- _TASK DESCRIPTION_
Every line of the listing below from the one with "Alright, got the" up to and including the one with "Hey guys, thanks" should be retyped exactly, and nothing else; pictures are not part of the copy.
-- PROVIDED RECORDS follows --
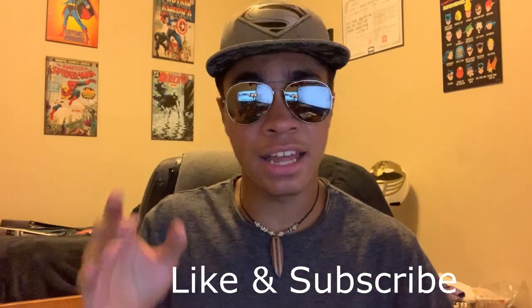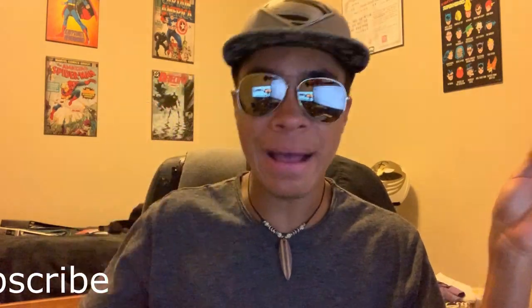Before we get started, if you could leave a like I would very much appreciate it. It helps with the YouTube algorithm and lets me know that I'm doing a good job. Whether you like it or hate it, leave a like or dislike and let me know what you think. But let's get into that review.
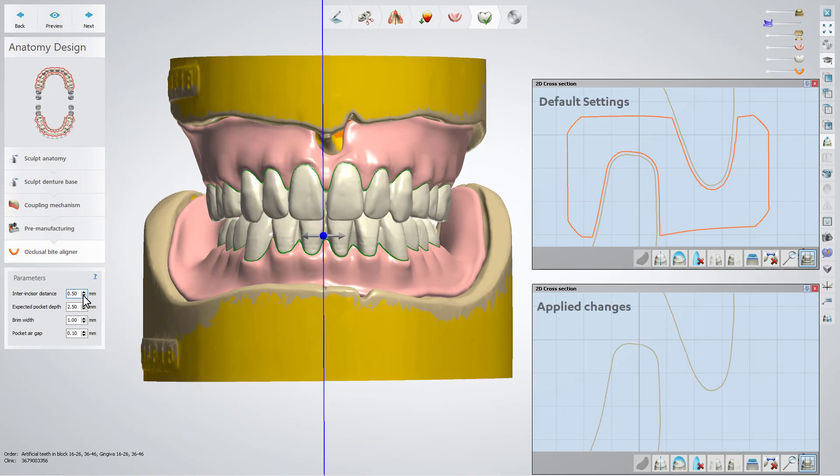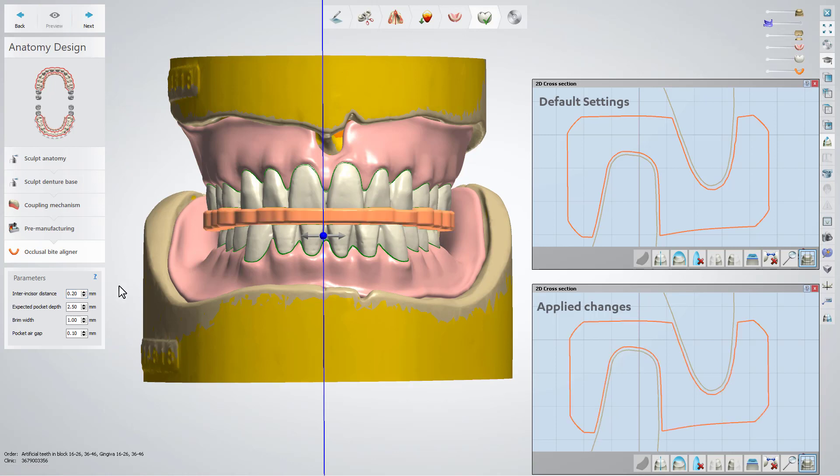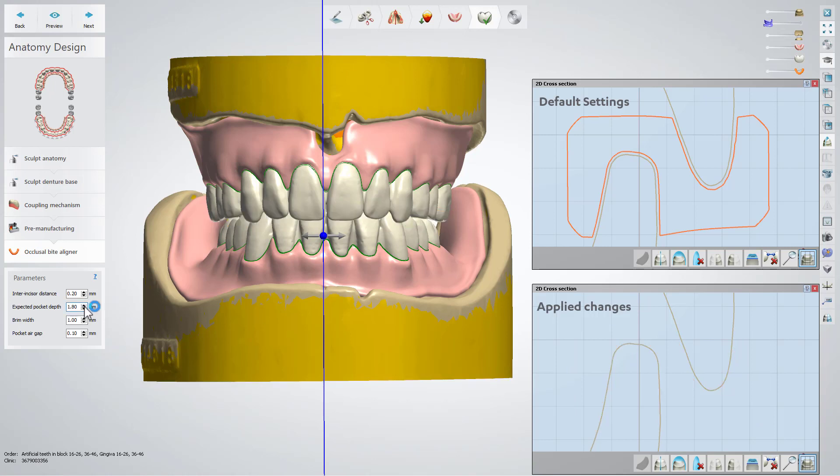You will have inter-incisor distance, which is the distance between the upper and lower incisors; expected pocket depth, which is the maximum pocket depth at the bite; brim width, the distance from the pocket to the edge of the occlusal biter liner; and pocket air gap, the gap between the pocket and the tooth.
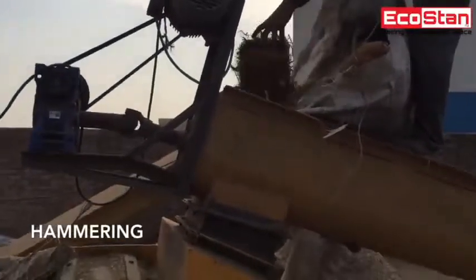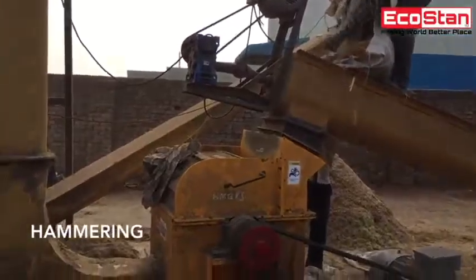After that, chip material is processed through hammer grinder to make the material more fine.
-- PROVIDED RECORDS concluded --
-- PROVIDED RECORDS follows --
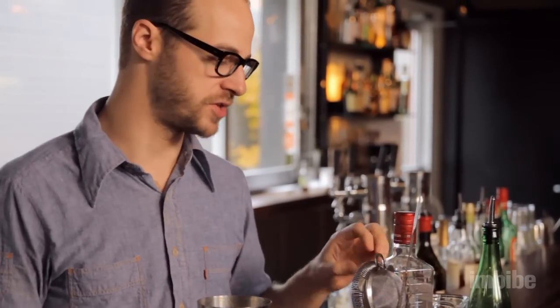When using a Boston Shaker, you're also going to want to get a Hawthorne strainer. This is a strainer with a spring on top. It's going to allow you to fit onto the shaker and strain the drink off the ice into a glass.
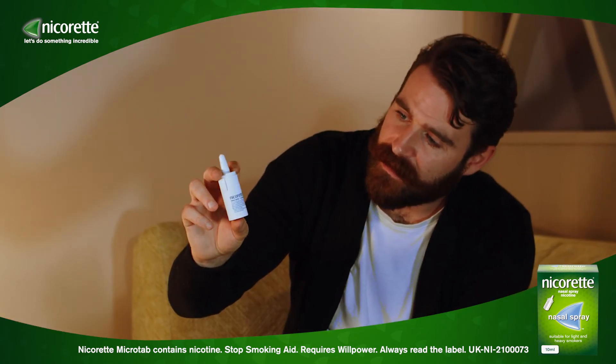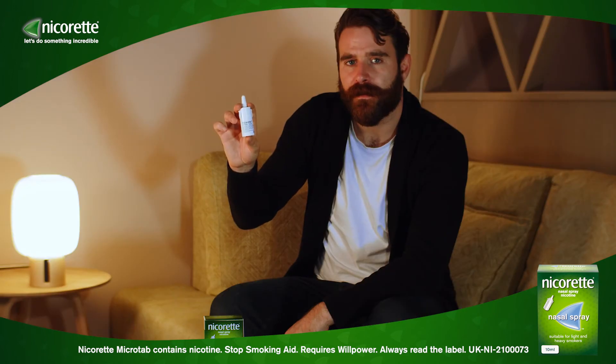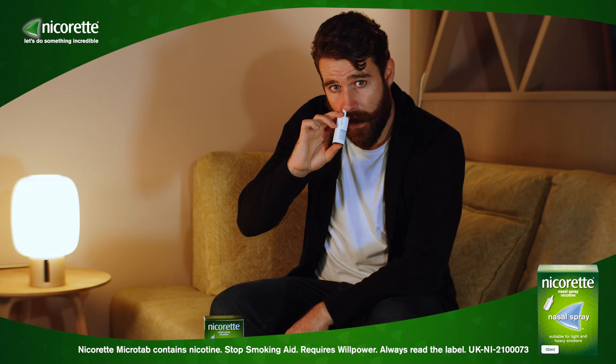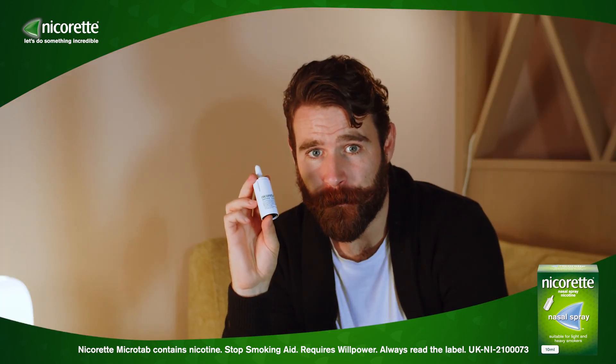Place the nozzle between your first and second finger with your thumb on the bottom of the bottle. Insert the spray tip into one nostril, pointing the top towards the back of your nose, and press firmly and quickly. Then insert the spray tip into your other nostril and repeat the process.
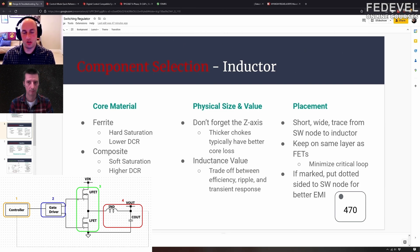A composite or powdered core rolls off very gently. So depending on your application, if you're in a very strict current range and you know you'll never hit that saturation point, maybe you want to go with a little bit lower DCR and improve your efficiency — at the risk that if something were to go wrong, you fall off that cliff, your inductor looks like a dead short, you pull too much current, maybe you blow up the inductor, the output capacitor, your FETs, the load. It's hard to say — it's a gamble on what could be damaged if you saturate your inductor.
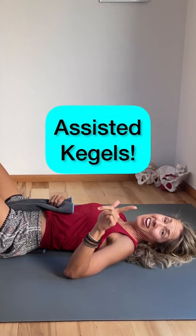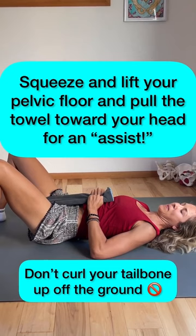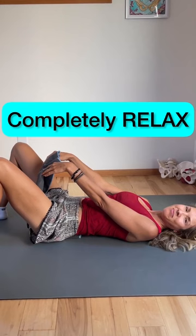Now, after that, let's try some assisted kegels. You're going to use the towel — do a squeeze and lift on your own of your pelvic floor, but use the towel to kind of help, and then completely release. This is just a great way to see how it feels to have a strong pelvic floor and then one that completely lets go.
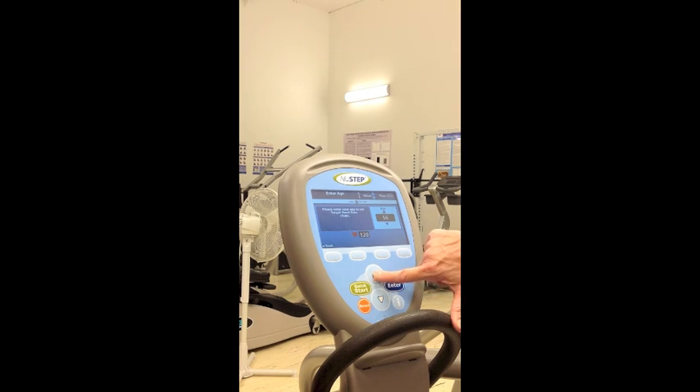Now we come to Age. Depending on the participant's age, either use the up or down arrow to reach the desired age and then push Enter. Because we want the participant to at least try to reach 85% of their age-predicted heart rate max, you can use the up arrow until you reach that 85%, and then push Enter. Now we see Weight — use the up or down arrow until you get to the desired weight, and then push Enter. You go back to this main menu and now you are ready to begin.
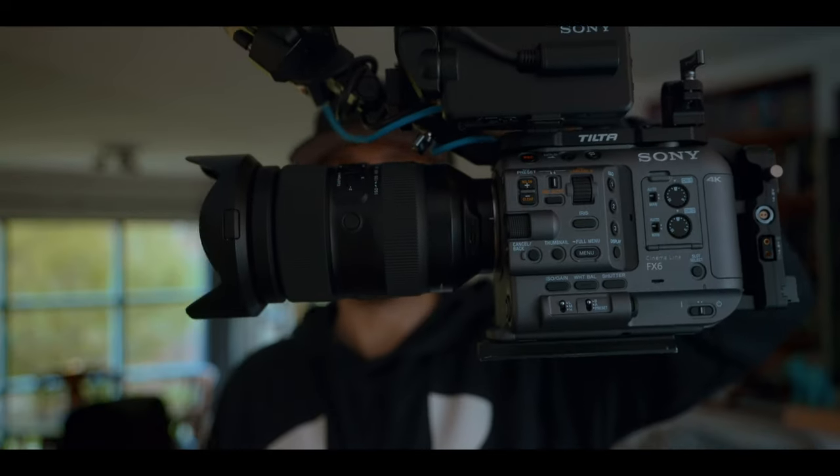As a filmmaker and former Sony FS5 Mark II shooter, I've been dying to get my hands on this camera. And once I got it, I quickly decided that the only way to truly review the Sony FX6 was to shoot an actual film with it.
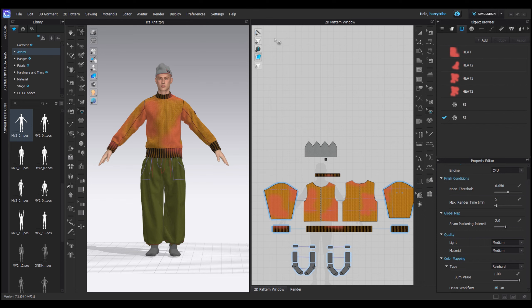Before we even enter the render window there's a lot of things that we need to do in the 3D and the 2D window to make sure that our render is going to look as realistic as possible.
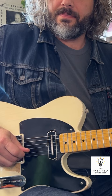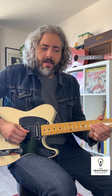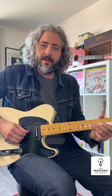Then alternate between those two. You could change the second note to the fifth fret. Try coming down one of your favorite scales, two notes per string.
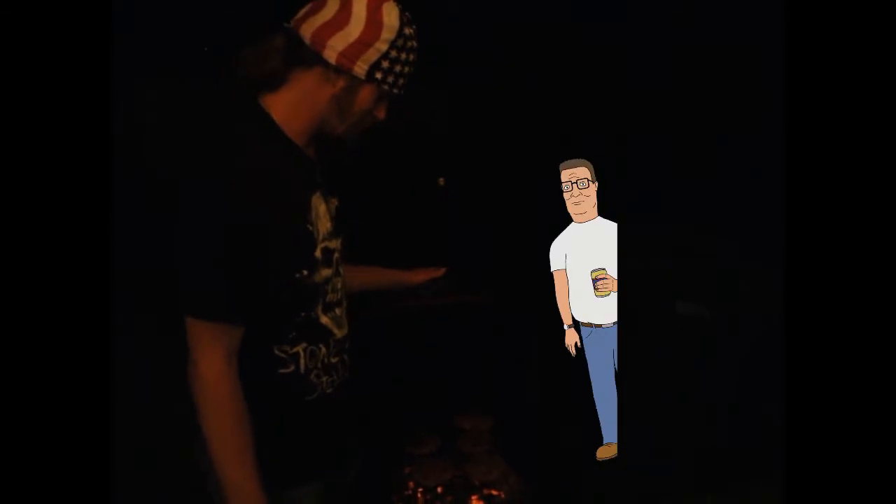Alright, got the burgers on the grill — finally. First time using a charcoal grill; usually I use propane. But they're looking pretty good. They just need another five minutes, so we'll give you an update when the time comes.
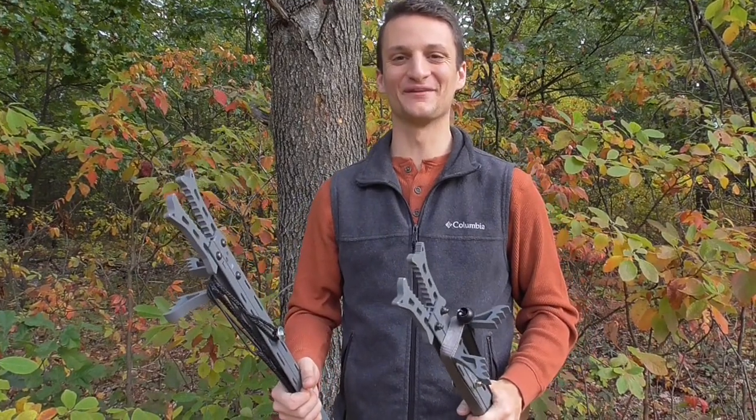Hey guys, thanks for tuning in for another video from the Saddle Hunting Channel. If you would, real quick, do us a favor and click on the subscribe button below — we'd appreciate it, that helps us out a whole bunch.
-- PROVIDED RECORDS concluded --
- _EXPECTED ANSWER_
Alright, got the burgers on the grill — finally. First time using a charcoal grill; usually I use propane. But they're looking pretty good. They just need another five minutes, so we'll give you an update when the time comes.
Hey guys, thanks for tuning in for another video from the Saddle Hunting Channel. If you would, real quick, do us a favor and click on the subscribe button below — we'd appreciate it, that helps us out a whole bunch.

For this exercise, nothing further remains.